Trâmites da decisão de afastamento coercivo

1 – (…).

2 – (…).

3 – (…).

4 – (…).

5 – (…):

a) (…);

b) (…);

c) (…);

d) (…);

e) Sejam titulares de processo de regularização pendente, com excepção dos casos de cidadãos condenados, com trânsito em julgado da sentença, com pena de prisão igual ou superior a 3 anos, por crime punível segundo a lei portuguesa.

6 – (…).

7 – (…).

8 – É obrigatória a presença de advogado na prestação de declarações perante as autoridades ou entidades competentes.

Artigo 146.º-A

Condições de detenção

1 – (…).

2 – (…).

3 – (…).

4 – (…).

5 – (…).

6 – (…).

7 – (…).

8 – É assegurada a presença de uma entidade externa que desempenhe o papel de monitorização do respeito pelos direitos humanos, apoio social e psicológico nos centros de detenção.”

Artigo 5.º

Prorrogação da validade dos documentos e vistos para permanência em território nacional

Os documentos e vistos relativos à permanência em território nacional, cuja validade expire a partir da data de entrada em vigor da presente lei ou nos 12 meses imediatamente anteriores, são aceites, nos mesmos termos até à entrada em vigor da Lei n.º 73/2021, de 12 de novembro, que aprova a reestruturação do Sistema Português de Controlo de Fronteiras.

Artigo 6.º

Medidas alternativas à detenção

É criado um projeto-piloto para o estudo e implementação de medidas alternativas à detenção.

Artigo 7.º

Acesso ao emprego e à língua portuguesa

1 – São abertos cursos de língua portuguesa com vista a permitir a integração de imigrantes sem autorização de residência regularizada e é disponibilizado o acesso à língua portuguesa como língua estrangeira nas escolas públicas para imigrantes e refugiados.

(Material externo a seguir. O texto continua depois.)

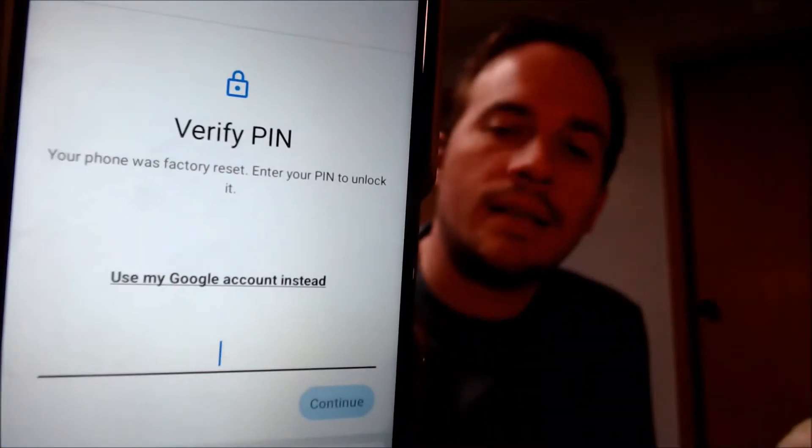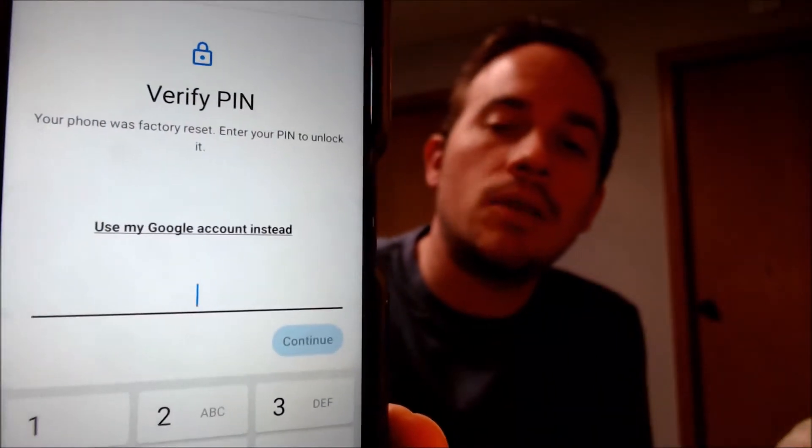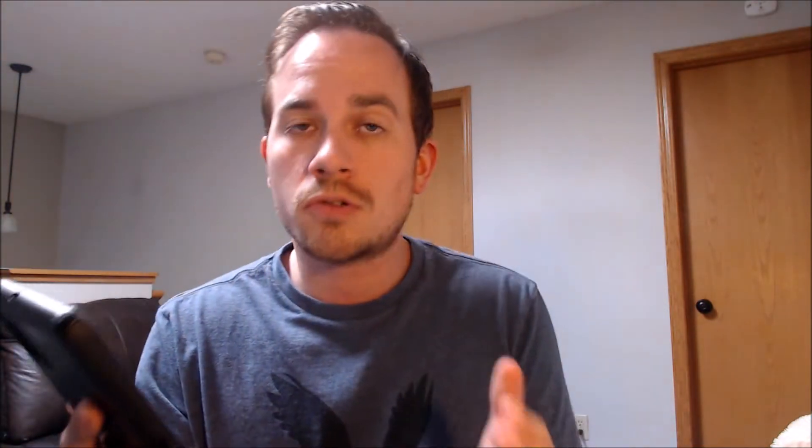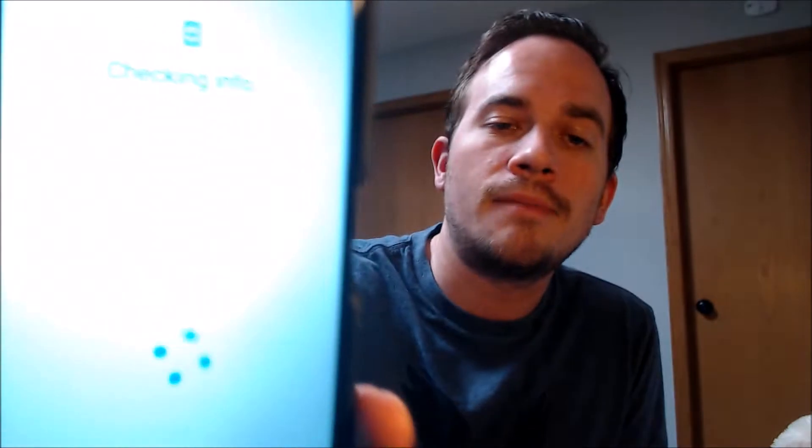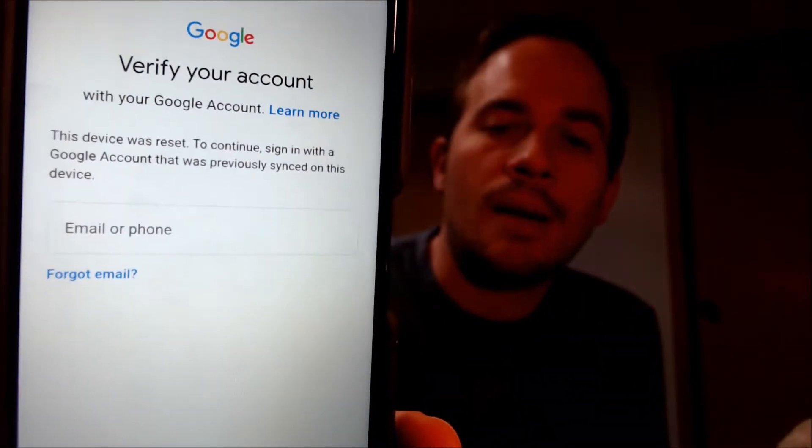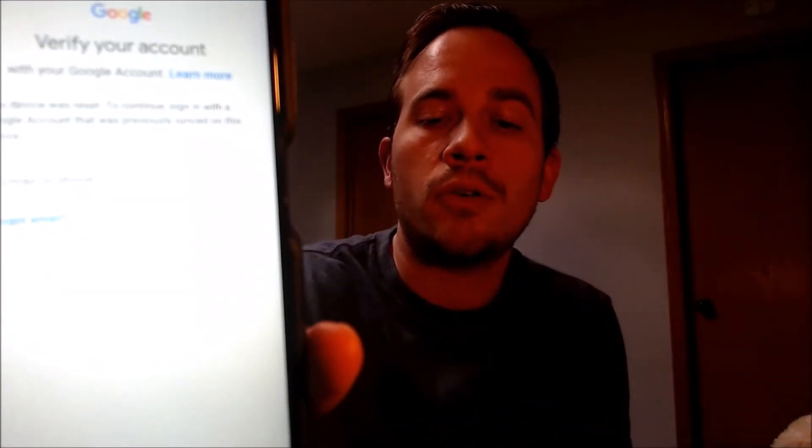Now here with us today, we happen to have a Samsung Galaxy A32 and this device does indeed have the Google account lock enabled. As we can see here, as we're going through the setup steps, we get to the screen that tells us that the phone was factory reset. To continue, we have to either verify the previous screen lock PIN or, if we tap on 'Use my Google account instead,' it loads a screen telling us to sign in with the Google account that was previously used on the phone. That's basically what the Google lock consists of — a security measure to prevent the device from being used by anyone but the original owner.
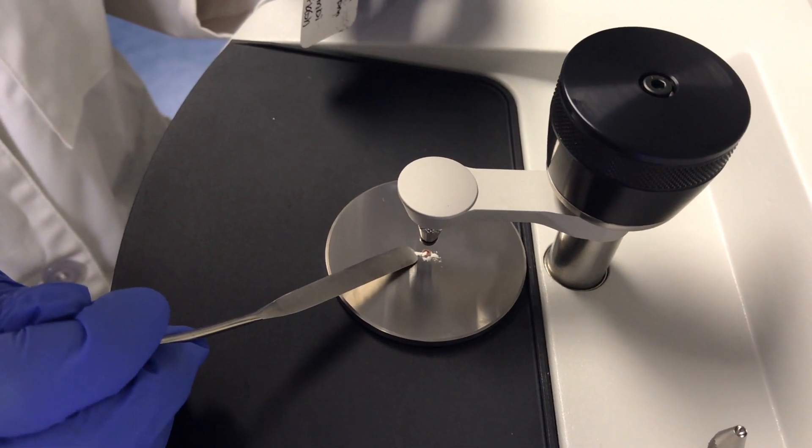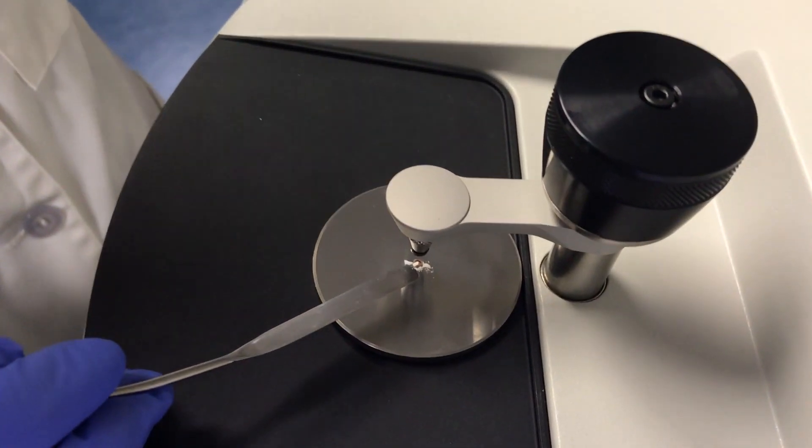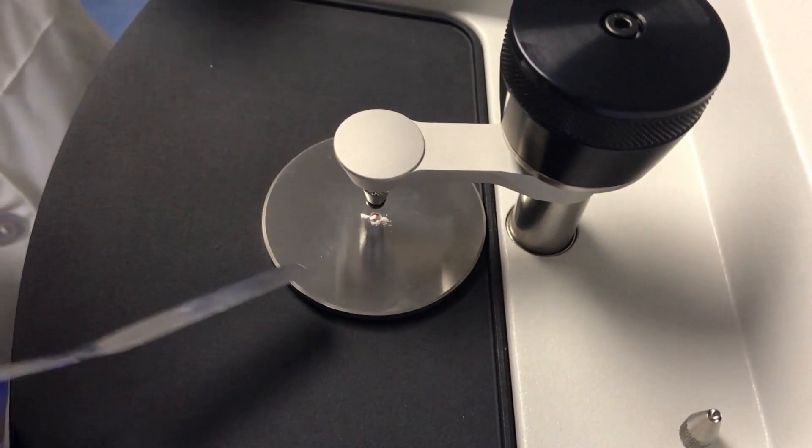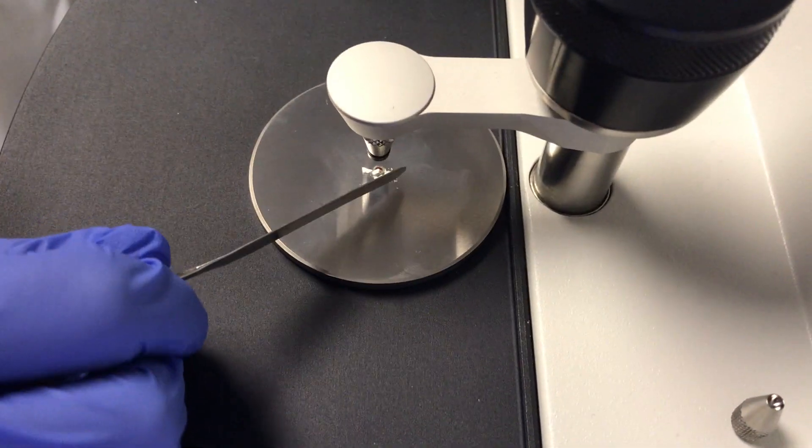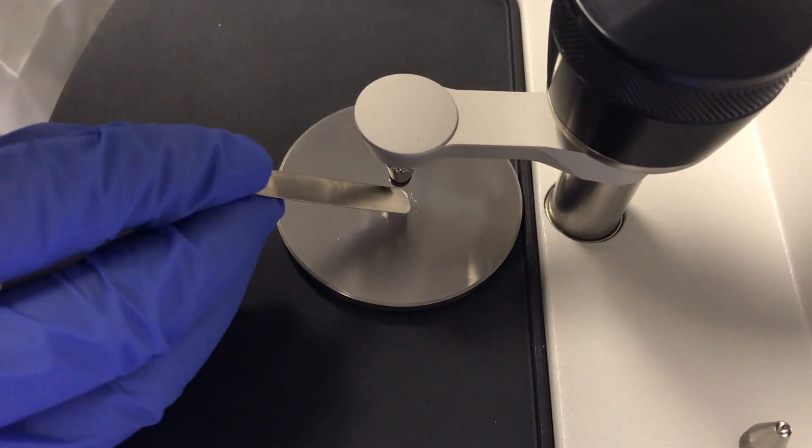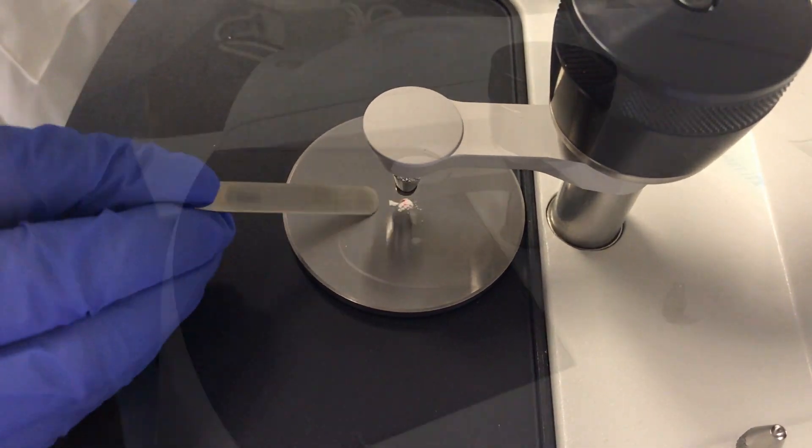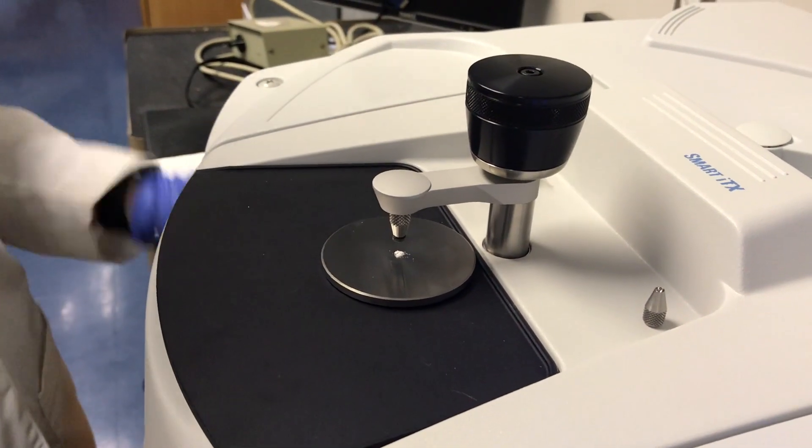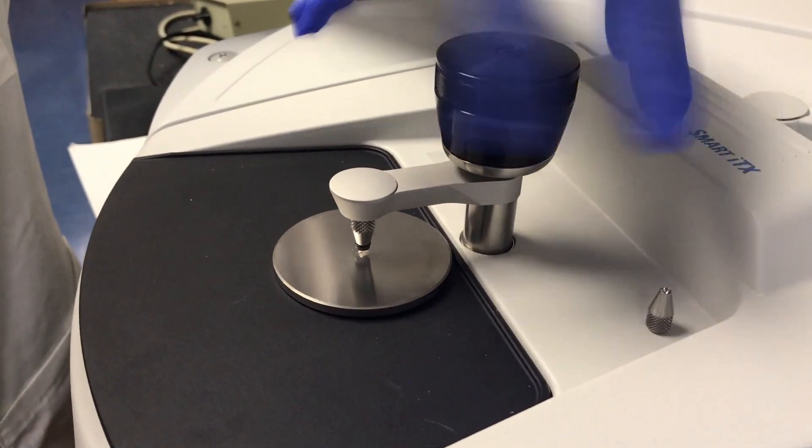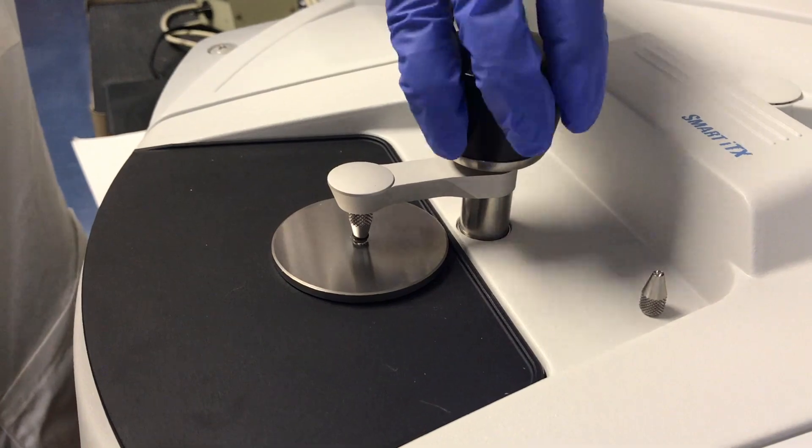The most important thing is that you cover the entire crystal but that you don't touch the crystal with the spatula. Once you're done with that, we're going to close it and wait for the click.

2 – É garantida uma bolsa de intérpretes disponíveis para acompanhar os refugiados e imigrantes nas suas deslocações aos serviços essenciais do estado.

3 – As pessoas imigrantes com processo de regulamentação pendente podem inscrever-se no IEFP, I.P. para acesso a formação profissional, cursos de Português Língua de Acolhimento e procura de oportunidades de emprego.

Artigo 8.º

Desburocratização dos processos

1 – A partir da entrada em vigor da presente lei, todos os agendamentos para pedido de autorização de residência, bem como respetivas autorizações, passam a poder ser solicitados online e o respetivo acompanhamento online do processo.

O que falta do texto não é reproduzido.